Brooks didn’t begrudge crooner Vince Gill for besting him in the male vocalist category. “Vocalist--man, that’s Vince Gill all the way,” Brooks said backstage, acknowledging that the entertainer award he picked up for the third year in a row may better describe his all-around talent.

Critically hailed singer-songwriter Mary-Chapin Carpenter was clearly a surprise winner over Wynonna Judd in the female vocalist category, but the Brown University graduate resisted press attempts to characterize why her victory was unexpected.

Carpenter--not known for suffering fools gladly--had the most contentious presence in the press room, telling one trade reporter who asked how someone with an Ivy League background had made it in country music: “That’s a real surface question, with all due respect.” To another, she countered, “Once again, I feel where I went to college has nothing to do with this--do you?”

She did acknowledge, however, that her less-than-glitzy, literate, Everywoman appeal extends most people’s image of a country star. “There’s a stereotype that country music is glitter and big hair, or ‘My baby just left me and I drive a truck,’ ” Carpenter said, pointing out that “artists are writing about contemporary issues that affect people in Manhattan as well.”
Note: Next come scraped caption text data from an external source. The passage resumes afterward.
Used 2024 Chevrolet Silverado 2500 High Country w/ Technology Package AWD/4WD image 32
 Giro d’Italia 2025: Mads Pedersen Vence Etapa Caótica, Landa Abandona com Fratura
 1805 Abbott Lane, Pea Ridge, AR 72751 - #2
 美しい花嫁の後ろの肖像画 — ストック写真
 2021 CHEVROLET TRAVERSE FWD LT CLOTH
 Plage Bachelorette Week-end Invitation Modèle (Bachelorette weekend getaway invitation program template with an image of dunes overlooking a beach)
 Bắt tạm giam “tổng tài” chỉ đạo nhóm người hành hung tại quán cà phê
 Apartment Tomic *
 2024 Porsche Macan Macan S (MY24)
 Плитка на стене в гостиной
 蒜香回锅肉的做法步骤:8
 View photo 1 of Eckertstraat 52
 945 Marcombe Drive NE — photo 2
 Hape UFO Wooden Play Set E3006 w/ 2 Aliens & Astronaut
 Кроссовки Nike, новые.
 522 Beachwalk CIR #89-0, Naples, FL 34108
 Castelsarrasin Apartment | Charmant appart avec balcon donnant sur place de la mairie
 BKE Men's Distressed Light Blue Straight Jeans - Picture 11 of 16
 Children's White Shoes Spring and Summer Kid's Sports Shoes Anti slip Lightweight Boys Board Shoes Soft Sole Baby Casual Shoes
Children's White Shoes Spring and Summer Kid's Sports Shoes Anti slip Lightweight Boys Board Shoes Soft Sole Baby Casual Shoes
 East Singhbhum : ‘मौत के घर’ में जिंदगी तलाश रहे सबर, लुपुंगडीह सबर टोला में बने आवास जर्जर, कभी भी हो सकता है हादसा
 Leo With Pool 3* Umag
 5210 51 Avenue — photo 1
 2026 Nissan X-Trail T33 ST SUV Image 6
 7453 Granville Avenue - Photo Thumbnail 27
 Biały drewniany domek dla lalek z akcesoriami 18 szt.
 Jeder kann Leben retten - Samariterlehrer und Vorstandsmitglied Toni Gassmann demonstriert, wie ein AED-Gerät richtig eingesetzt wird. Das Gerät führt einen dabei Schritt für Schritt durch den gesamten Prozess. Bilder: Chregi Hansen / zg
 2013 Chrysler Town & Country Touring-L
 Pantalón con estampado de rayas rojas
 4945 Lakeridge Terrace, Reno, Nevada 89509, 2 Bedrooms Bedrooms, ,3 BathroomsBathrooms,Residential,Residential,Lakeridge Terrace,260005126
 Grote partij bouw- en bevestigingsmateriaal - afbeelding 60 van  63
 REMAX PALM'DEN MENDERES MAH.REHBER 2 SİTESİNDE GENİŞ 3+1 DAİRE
Reporters also interrogated artists about the alleged Cyrus backlash. Most handled the questions with as much aplomb as Tracy Lawrence, who beat out Cyrus in the new male vocalist category: “I had a lot of pressure myself having a gold album last year, and I have to stick up for him and say if I had been through the pressure and abuse he’s been through from the press and still walk out here smiling. . . . He’s a fine person.”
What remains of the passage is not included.